Moderate daily exercise, such as swimming, walking or physical therapy, is critical to maintaining mobility. To lessen pain while increasing movement, moist heat (hot soaks, paraffin baths and whirlpools) often help patients with chronic disease.

Some severe cases of rheumatoid arthritis may require surgery to remove inflamed synovial tissue. Useful surgical procedures include metatarsal head and distal ulnar resectional arthroplasty, and insertion of a Silastic prosthesis between the metacarpophalangeal and proximal interphalangeal joints. Arthrodesis (joint fusion) may bring about stability and relieve pain, but only at the price of decreased joint mobility. Synovectomy (removal of destructive, proliferating synovium, usually in the wrists, fingers, and knees) may halt or delay the course of the disease.

Osteotomy (the cutting of bone or excision of a wedge of bone) can realign joint surfaces and redistribute stresses.

Given that no specific cause of RA is likely to be identified soon, and that even the best current therapies cannot stop the proliferative and destructive component of the disease, there are both opportunities and need for better therapy. There are several experimental treatments and therapies being studied presently. Most remain investigational with no conclusive results.
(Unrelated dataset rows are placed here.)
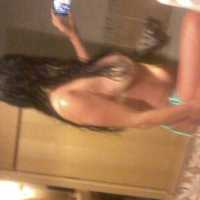 Silifke'nin Seçkin Eskort İlanlarının Gözde Kadını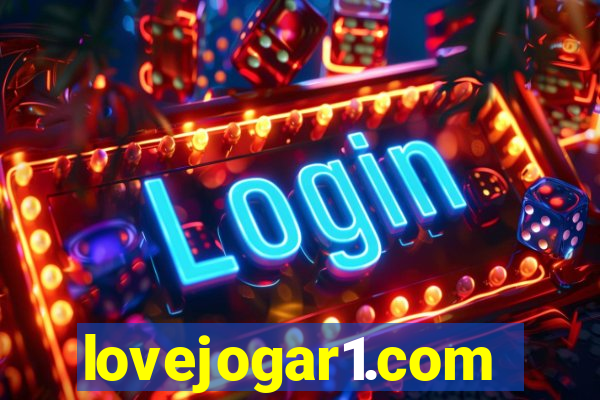 lovejogar1.com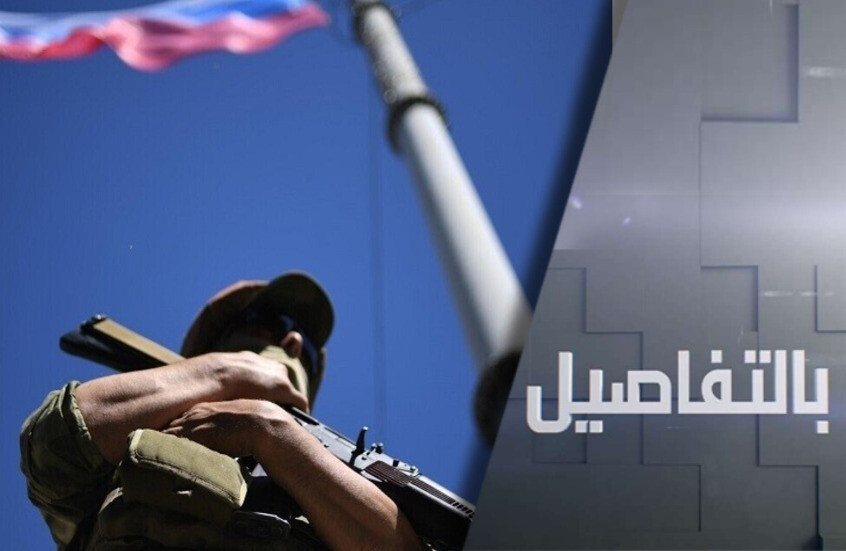 تبادل للأسرى وتحذير روسي من تسليح كييف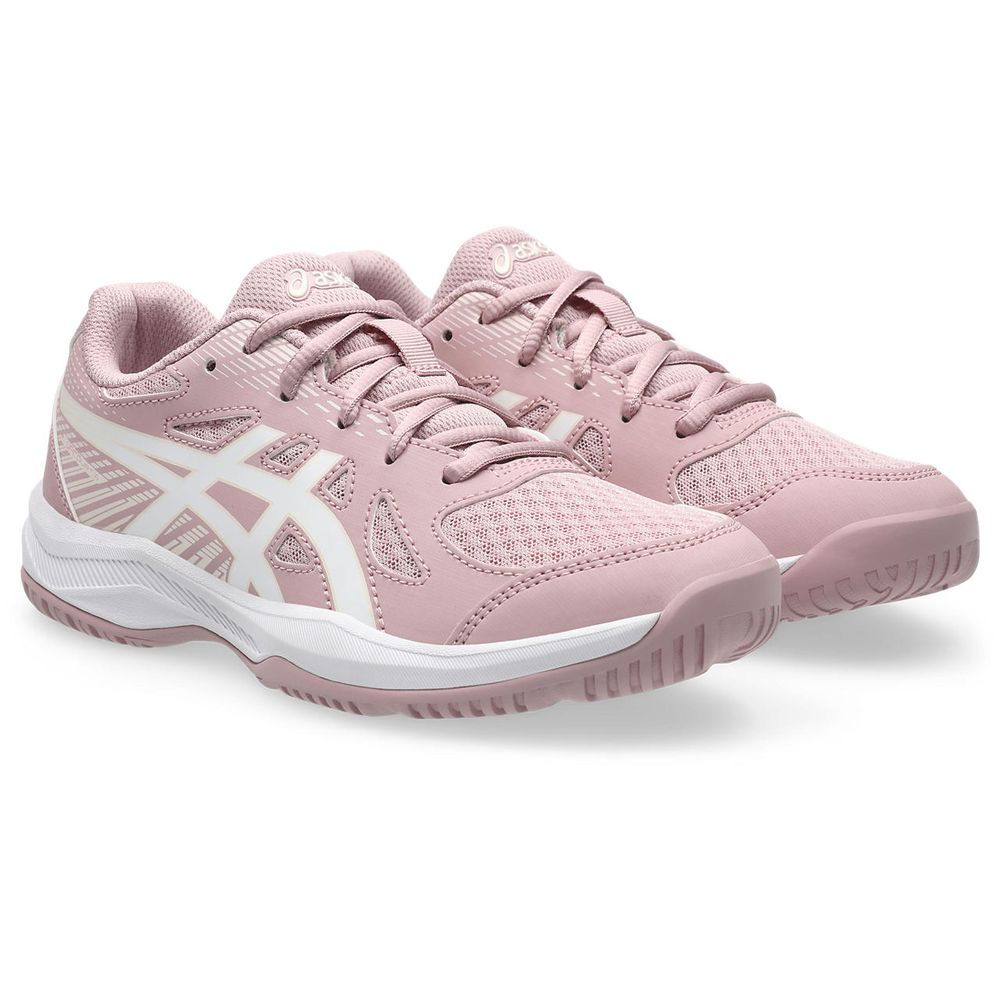 アシックス asics バレーボールシューズ ...の詳細画像1
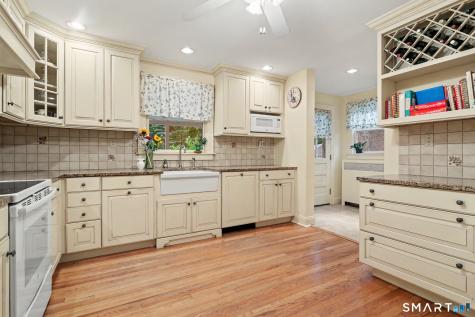 219 Unity Road Trumbull CT 06611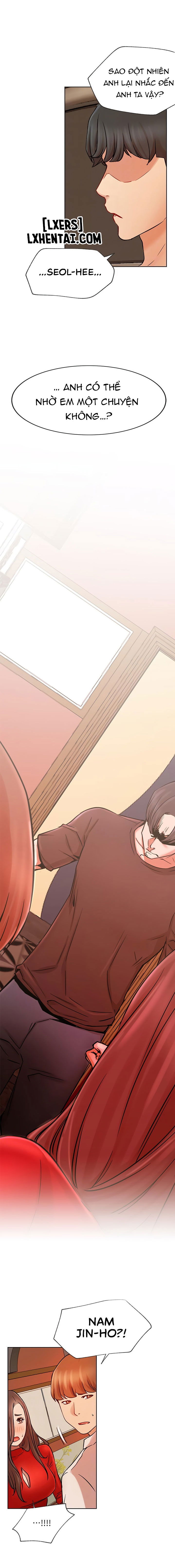 cuoc-song-nhu-anh-hang-mo-chap-41-4 integer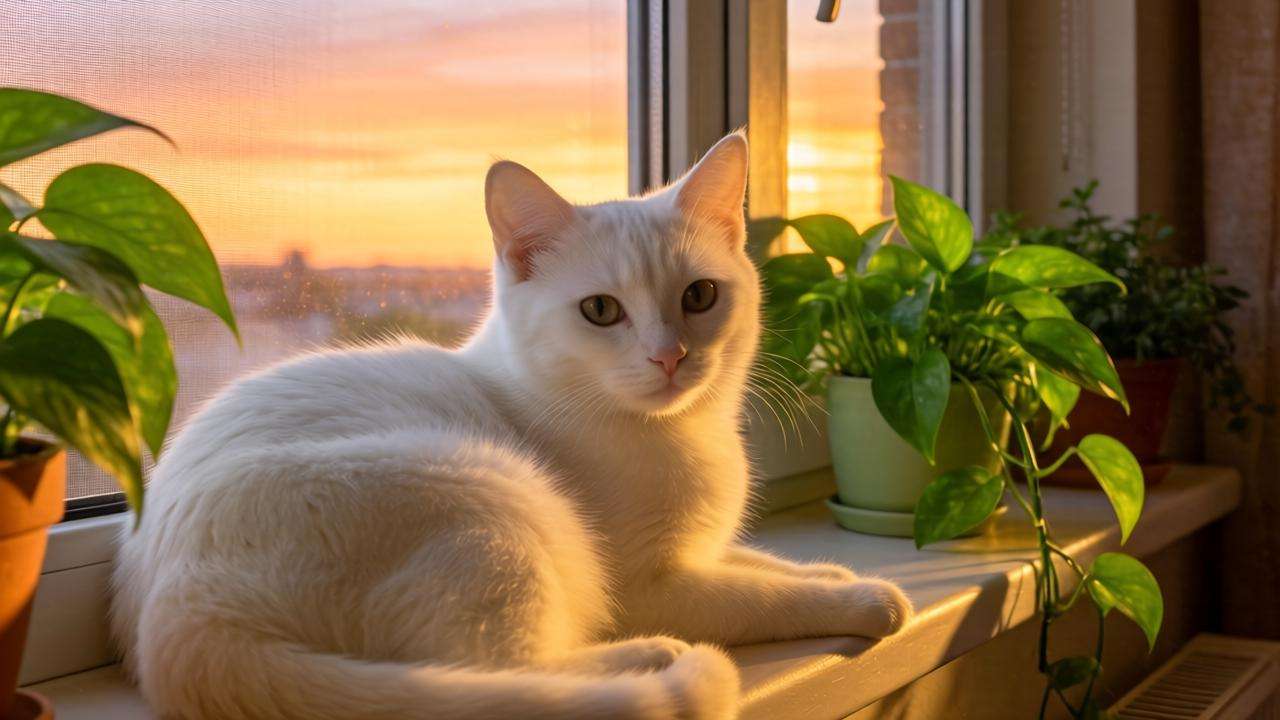 福田康明斯：以表彰礼赞“她”力量 以长期坚守践行多元文化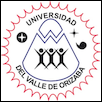 Valle de Orizaba University Logo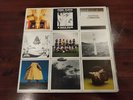 PINK FLOYD A NICE PAIR VINYL 1973 AUSTRALIAN PRESSING EXCELLENT CONDITION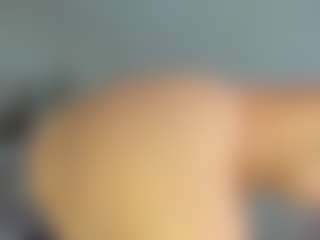 Tiffany's Live Sex Cam Show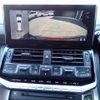 toyota land-cruiser 2023 CFJ1645334 image 26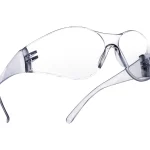 Tector Henkilösuojaimet-Suojalasit Desperado Kirkas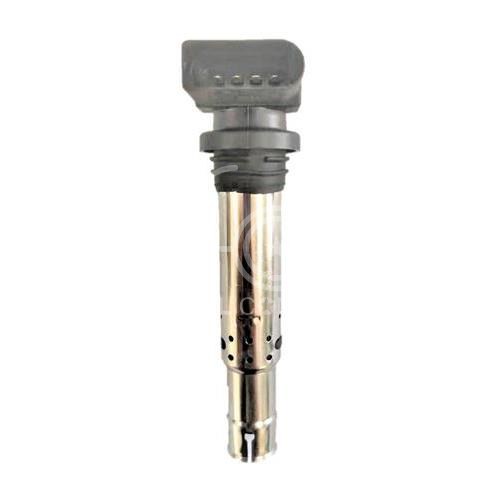 IGN-P4102-010(S)-3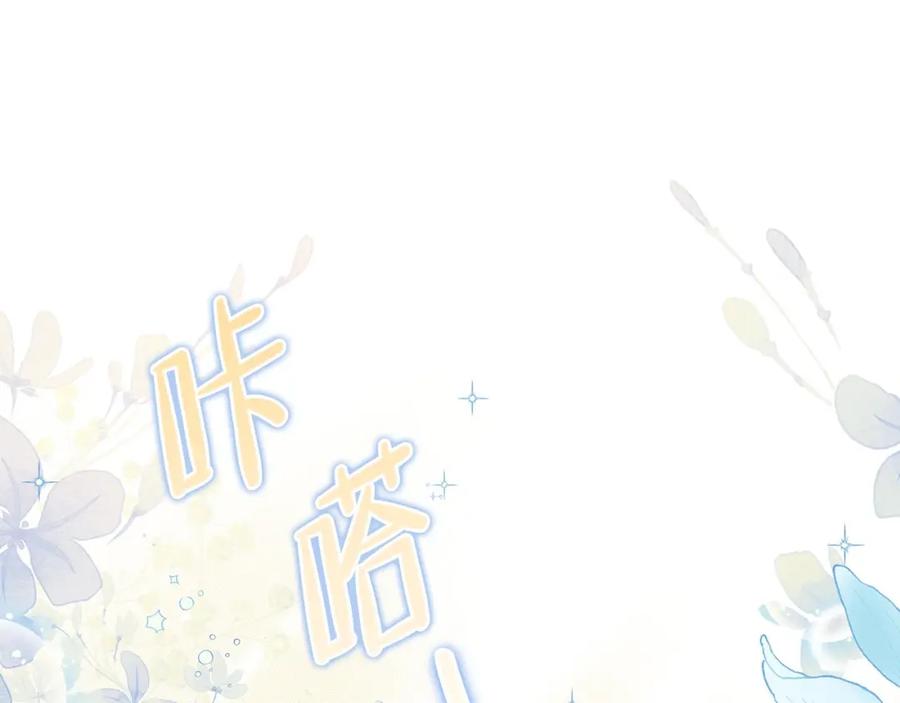 第216页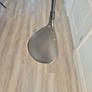 TaylorMade Qi35 5 Wood Image 5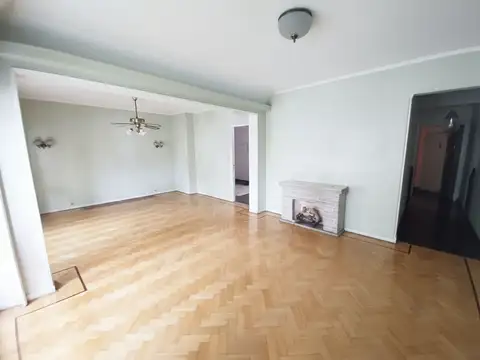 Departamento en Venta 70 años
Questions To Ask Your Doctor

What tests will you be prescribing and what will they tell you?
How are the tests performed?
Is there evidence of rheumatoid arthritis and what stage is it at?
What drug therapy program will you start with?
What are the side effects?
What should I expect?
Should a physical therapist be consulted to set up an exercise program?
Are there any signs or symptoms that need to be reported immediately?
Are there any support groups or counselors to help with the stress and emotions of this disease?
Is there information on additional measures that can be done at home to help relieve symptoms or to prevent complications?